Predicting microexons using a Convolutional Neural Network (CNN) model.
WARNING: This is a tool that is designed to run on Python 2.7.X. Please be aware that running this tool on Python 3.X versions may result on error that are not solved yet.
Make sure you have bedtools installed in your environment and added to your PATH env variable.
Use the make download-data
to download the hg38 Fasta and BigWig files (if you already have the files, move them to the path: src/data/
).
To get the prediction, use deepmex.py
command line, which is an application to predict human microexons given an exon chromosome coordinate.
Deepmex receives multiple arguments as a requirement to be used.

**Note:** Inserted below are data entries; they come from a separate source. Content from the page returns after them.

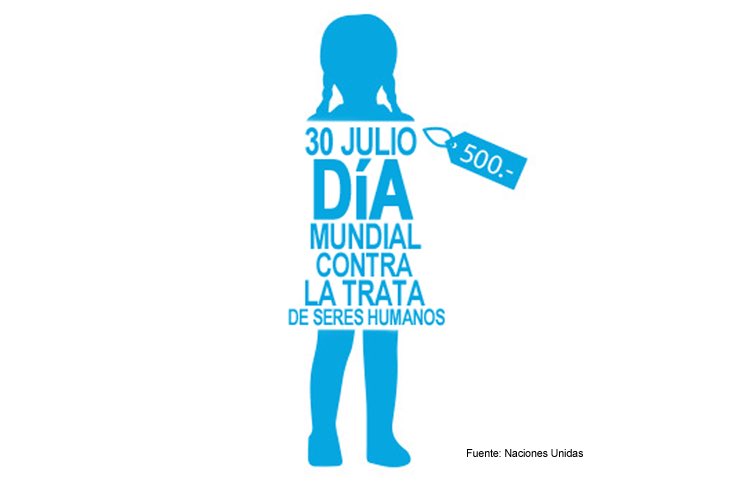 Hoy es el #DíaMundialContraLaTrata. Recuerda que sin clientes, no hay trata #EndHumanTrafficking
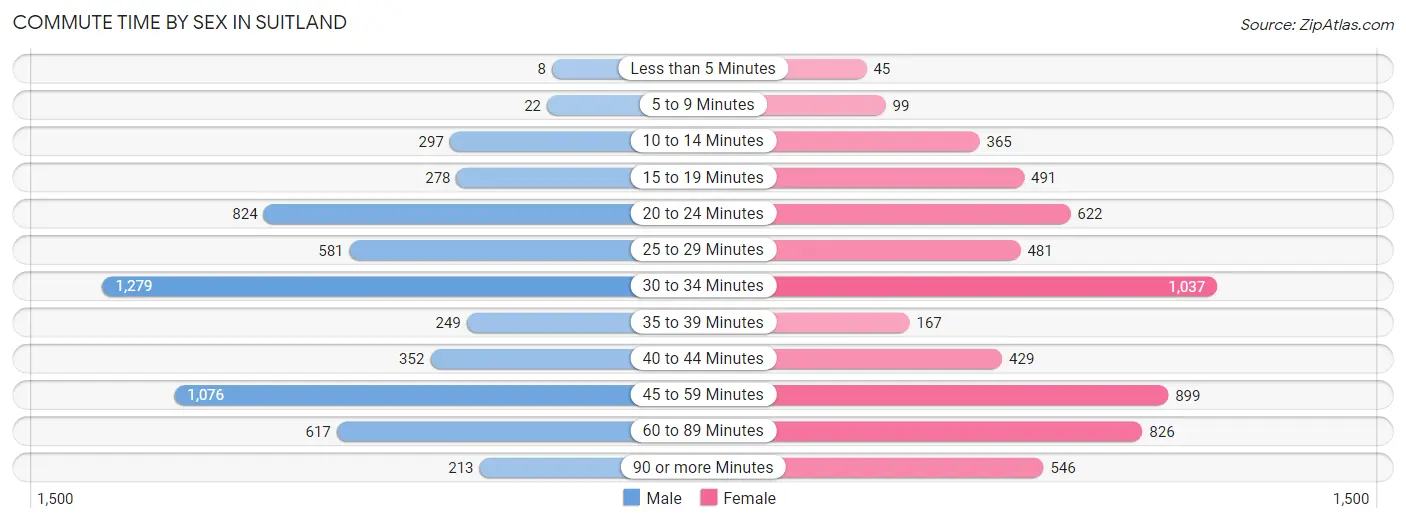 Commute Time by Sex in Suitland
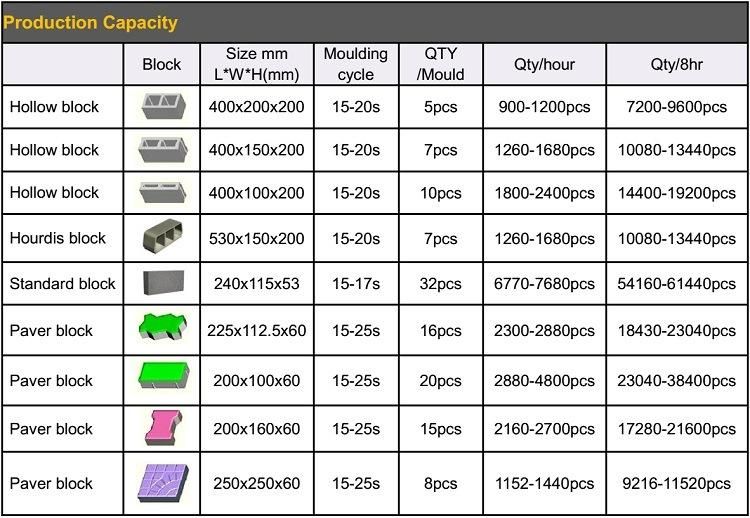 Qt5-15 Fully Automatic Concrete Hollow Paver Brick Block Making Machine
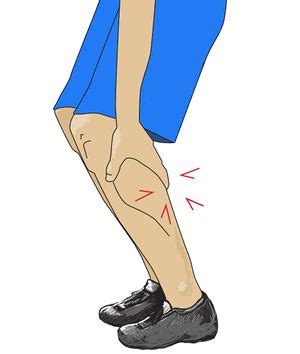 Exercise Associated Muscle Cramps Physiopedia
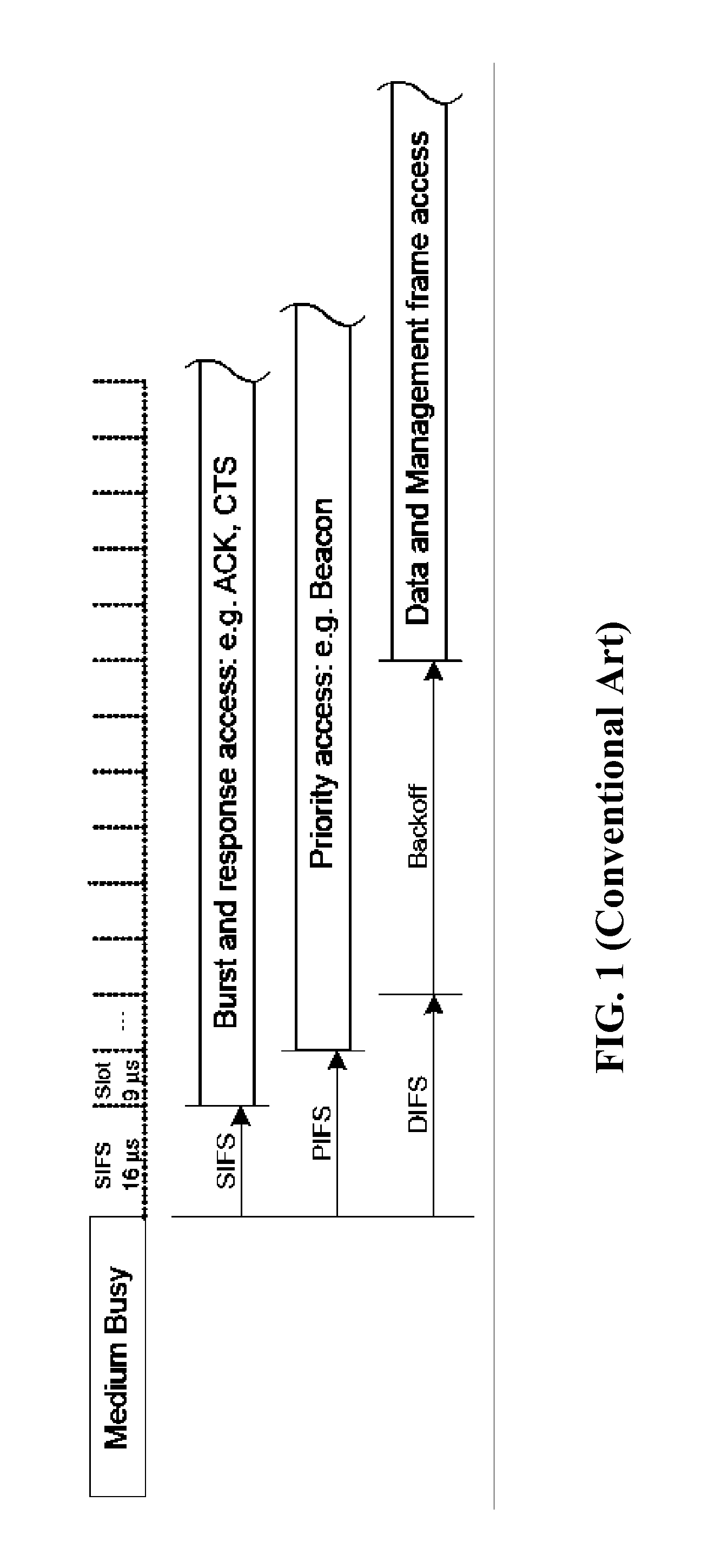Systems, methods and apparatuses for wireless communication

All of them are documented below:
- model: the CNN model file (src/saved_model.hdf5 is the default model designed for this application)

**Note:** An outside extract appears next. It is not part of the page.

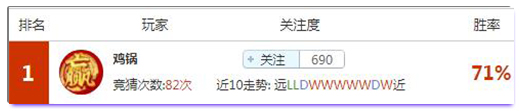 亚盘盈利达人：人气大神全中连红稳胆，今晚意甲矛盾之战一触即发！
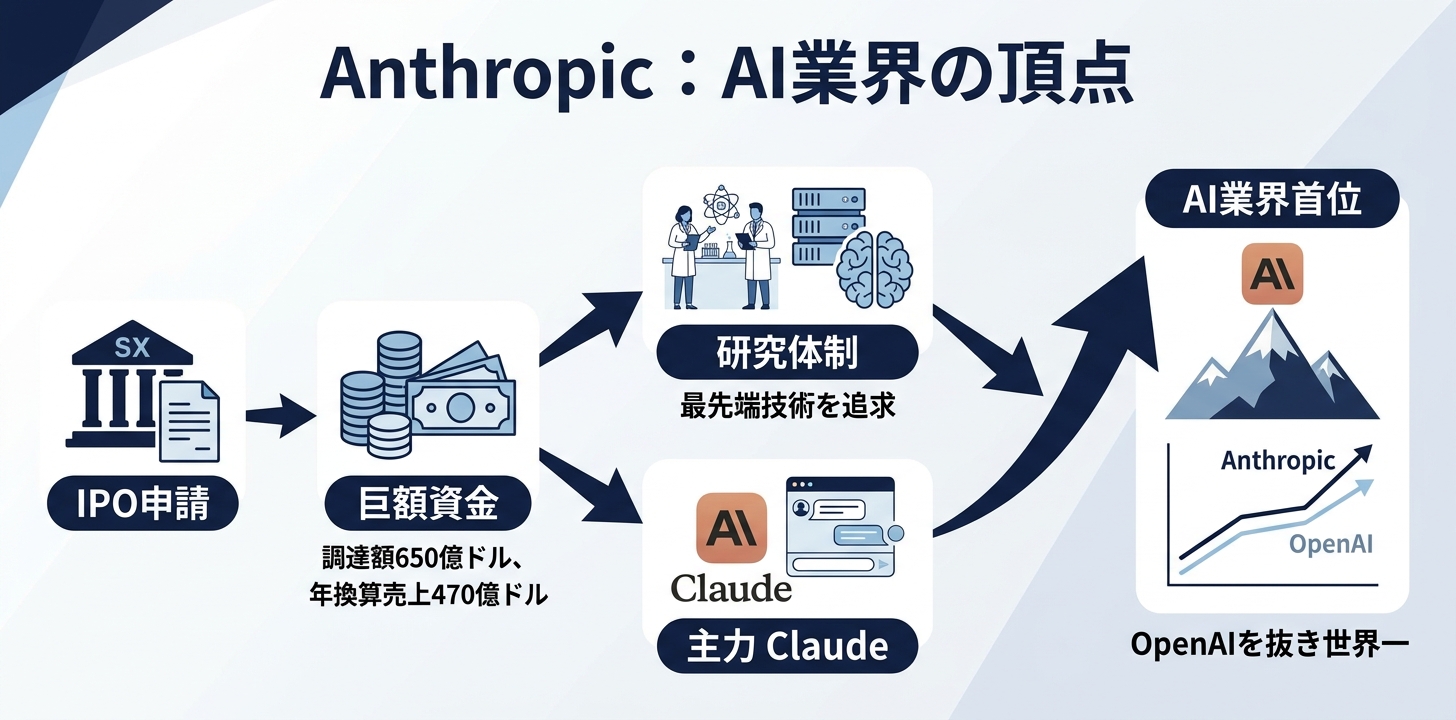 まとめ——「世界一」への到達は通過点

- genome: the Hg38 Fasta File (downloadable through http://hgdownload.soe.ucsc.edu/goldenPath/hg38/bigZips/ or
make download-data
) - conservation: the Hg38 conservation BigWig file (downloadable through http://hgdownload.soe.ucsc.edu/goldenPath/hg38/database/ or
make download-data
) - exon: The exon coordinate to be verified as a microexon, i.e.: chr1:100020:100030:+
OUTPUT: (min value 0, max value 100)
Microexon score: score > 50 are predicted as microexons.
python human_microexon_predictor.py --model model.hdf5 --genome hg38.fa --conservation
hg38.100way.phastCons.bw --exon chr1:100020:100030:+ > result.out
A Jupyter notebook file containing the steps to train the CNN and save the model.
Some steps can be modified to generate new species models. This file also contains the procedure to create the synthetic mutational microexons screening (PositionScore).
-Generate a conda package.
-Include the mutational screening in the command line tool.